Numerical solution of a non-linear conservation law applicable to the interior dynamics of partially molten planets

TL;DR

This paper develops a robust numerical scheme to solve a non-linear diffusion equation modeling heat transport in partially molten planets, capturing large entropy gradient variations and applicable to planetary interior dynamics.

Contribution

It introduces a stable finite volume method for non-linear diffusion equations with large dynamic ranges, specifically tailored for planetary magma ocean modeling.

Findings

Successfully captures large entropy gradient variations (~12 orders of magnitude).

Provides a flexible, energy-conserving numerical framework applicable to planetary science.

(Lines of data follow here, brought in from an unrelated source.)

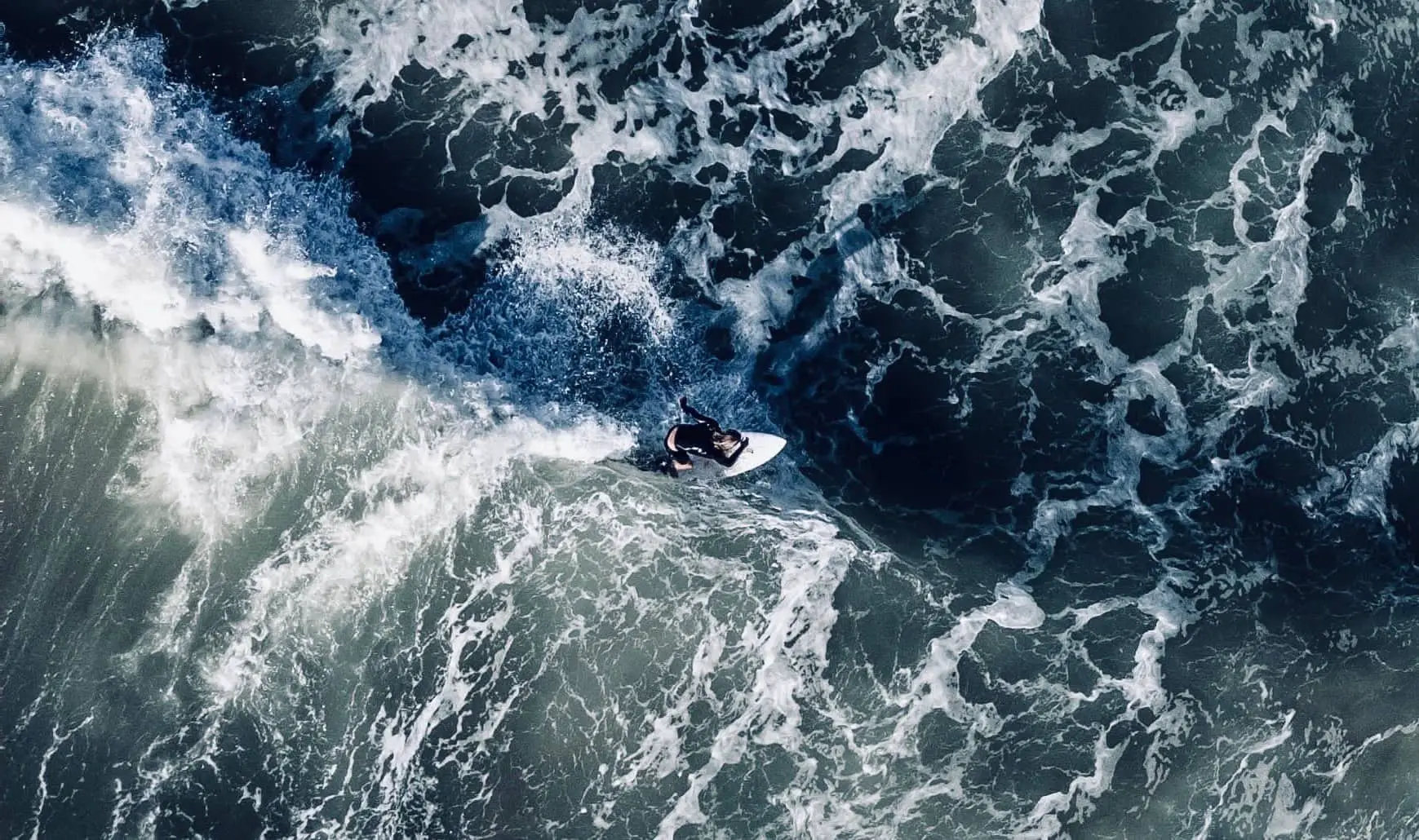 Aerial view of female surfer by Sam Scadgell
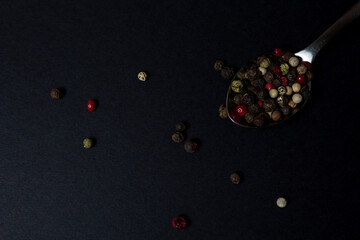 various types of pepper in a spoon on a dark background. hot seasonings for cooking.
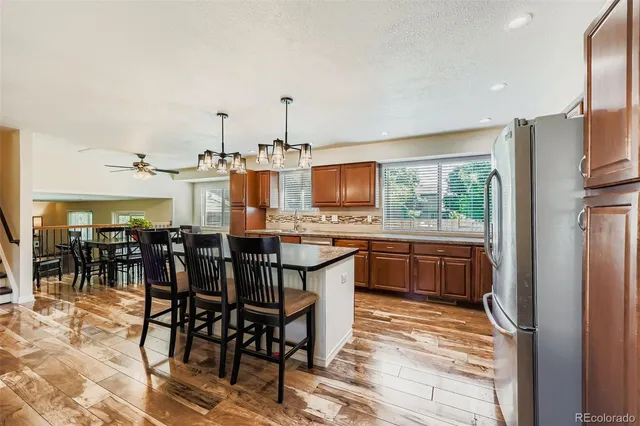 a large kitchen with a table and chairs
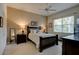 Bright bedroom with double bed, window, and dark wood furniture at 3162 Kailani Ct, Ormond Beach, FL 32174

Enables extended precision calculations for complex non-linear diffusion problems.

Abstract

The energy balance of a partially molten rocky planet can be expressed as a non-linear diffusion equation using mixing length theory to quantify heat transport by both convection and mixing of the melt and solid phases. In this formulation the effective or eddy diffusivity depends on the entropy gradient, $\partial S/\partial r$, as well as entropy. First we present a simplified model with semi-analytical solutions, highlighting the large dynamic range of $\partial S/\partial r$, around 12 orders of magnitude, for physically-relevant parameters. It also elucidates the thermal structure of a magma ocean during the earliest stage of crystal formation. This motivates the development of a simple, stable numerical scheme able to capture the large dynamic range of $\partial S/\partial r$ and provide a flexible and robust method for time-integrating the energy equation. We then consider a full model including energy fluxes associated with convection, mixing, gravitational separation, and conduction that all depend on the thermophysical properties of the melt and solid phases. This model is discretised and evolved by applying the finite volume method (FVM), allowing for extended precision calculations and using $\partial S/\partial r$ as the solution variable. The FVM is well-suited to this problem since it is naturally energy conserving, flexible, and intuitive to incorporate arbitrary non-linear fluxes that rely on lookup data. Special attention is given to the numerically challenging scenario in which crystals first form in the centre of a magma ocean. Our computational framework is immediately applicable to modelling high melt fraction phenomena in Earth and planetary science research. Furthermore, it provides a template for solving similar non-linear diffusion equations arising in other disciplines, particularly for non-linear functional forms of the diffusion coefficient.